This virtual newspaper comes complete with pictures and hot spots to click for further information, ‘Did you know’ facts, and even an Anglo-Saxon recipe.

There are four main sections covering four key events:

597AD – Christianity arrives in Thanet; 625AD – the Longboat burial at Sutton Hoo; 879AD – Alfred’s cake disaster and 1014AD – The fall of London bridge. The resource is ideal for looking at journalistic style, fact and fiction and editorial point of view.

newanglosaxontimespage.jpg

Shared learning and teaching

Before reading

Hold a discussion about Anglo-Saxon times to find out what the children know about this time period.

Shared reading

  • Talk about the dates on the title page to give the children an idea of the timescale and how far in the past they are.
  • Read through the first report, about Christianity, and discuss the names of those featured. How are the names different to today? Why would the people in Anglo-Saxon times have had names like these?
  • Look at the sub-headings Wild and brutal and Watch this space. How has the writer used language here to draw the reader in? Why?
  • Read the other stories, discussing as you do when it is helpful to click on the hot spots, etc, for more information.
  • As you read, collect unfamiliar words and group them by predicted meaning. Later, check your definitions against those in a dictionary or reference book.
  • Look for examples of persuasive language and formal and informal language in the text.

More great newspaper resources

Newspaper Maker (On-screen resource, Literacy Time PLUS Ages 9 to 11, September 2008, Issue 56). An interactive newspaper maker, enabling children to design and make their own front page using sets of reporter’s notes and quotes.

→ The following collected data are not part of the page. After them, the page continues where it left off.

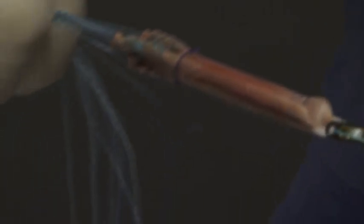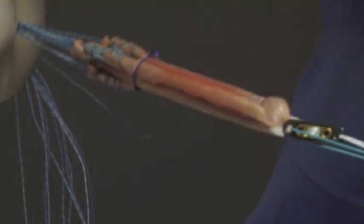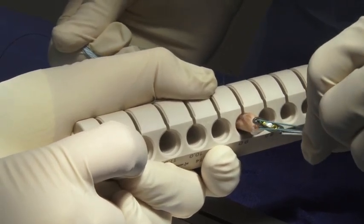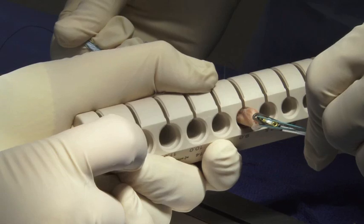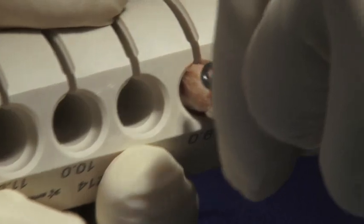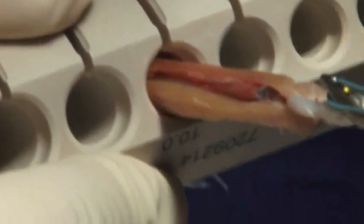The graft is then sized for its tunnel one final time, with usually the tibial tunnel being one millimeter larger than the femoral side.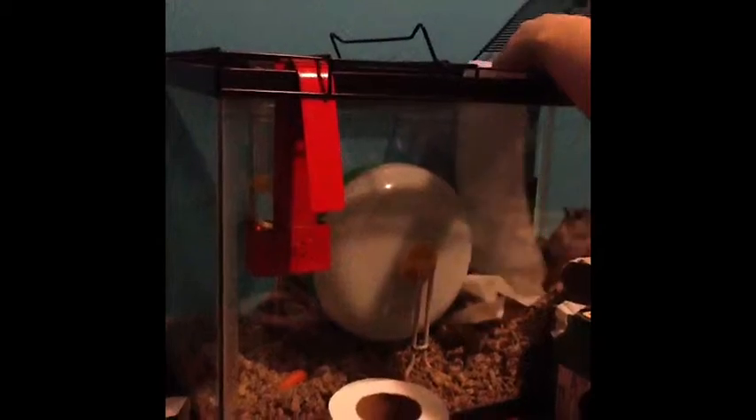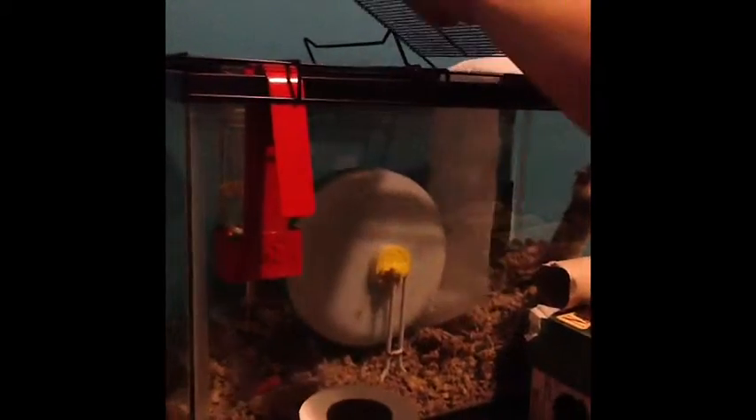Then your gerbils will start biting it and clawing at the top of it. They'll go crazy.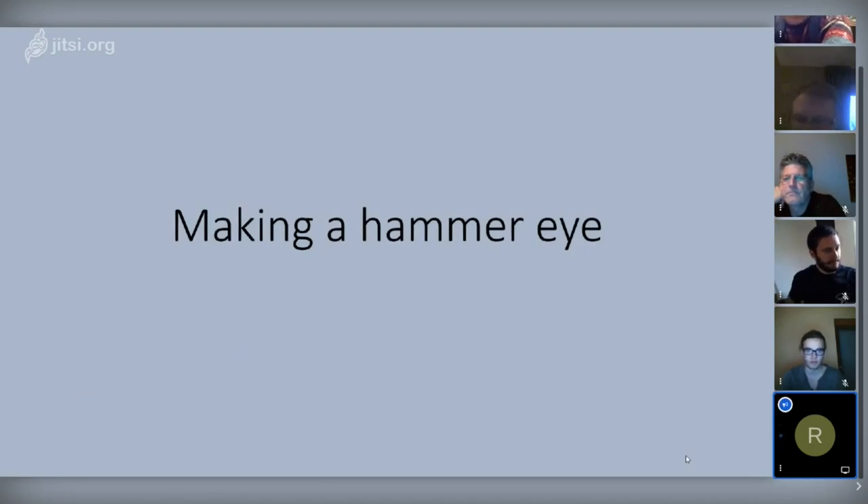This presentation will be about making the hammer eye.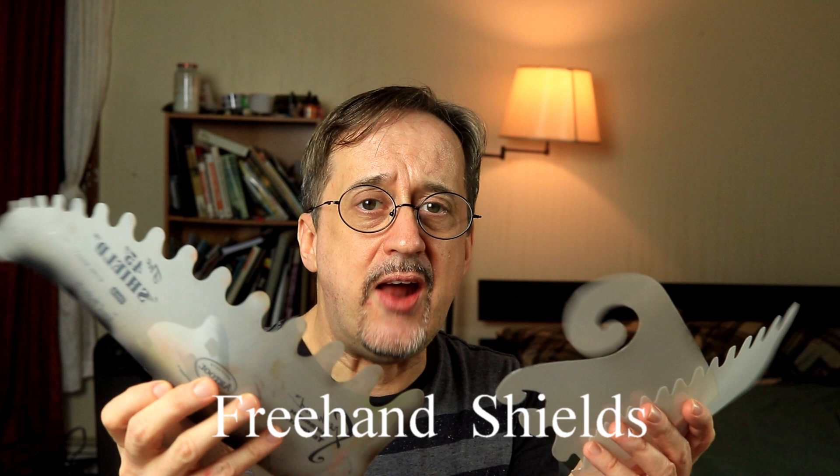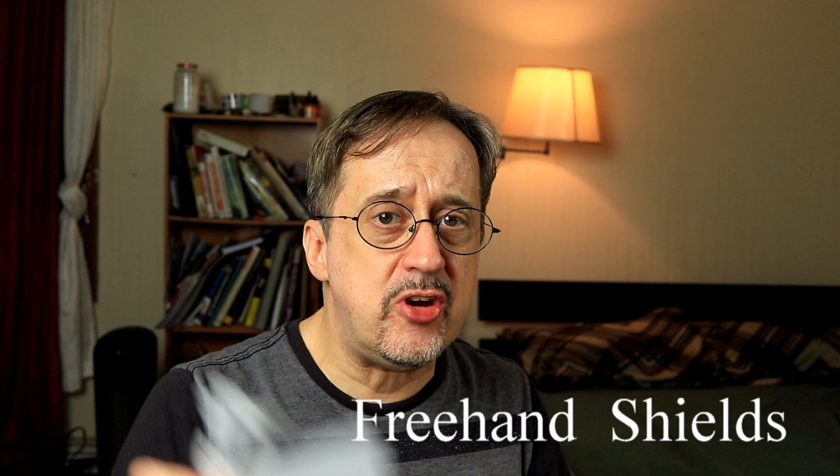Thank you so much for joining me in my studio for this week's installment of Tim's Two Minute Tech Tuesday. Today we're going to be going over freehand shields — how to use them, when to use them, and when not to use them. That's the important thing. It's not just when to use these things, which will give you really great edges, but when not to use them, or how to use them to get a little bit less of a hard line.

The Diamond Theft (Film and poster, Literacy Time PLUS Ages 7 to 9, July 2008, Issue 60). A television news broadcast about the theft of a diamond, complemented by an A2 poster offering a written news report of the same story.

Responding

  • When do the children think this newspaper was written? How do we know it is not a genuine Anglo-Saxon text? Discuss how the writer has built historical fact into each newspaper story.
  • Reflect on the use of text and pictures in the newspaper and how they aid and enhance understanding. Many of them add further background information while the main story can also stand on its own. Why was there a recipe attached to the story about King Alfred? What does this remind them of?
  • What key facts did the children learn from this text? Was all the information new to them?
  • Discuss what the children know about trade. Using the information provided in this newspaper, can the children say how trade was different in Anglo-Saxon times?
  • Ask the children to complete the SAT-style sheet below.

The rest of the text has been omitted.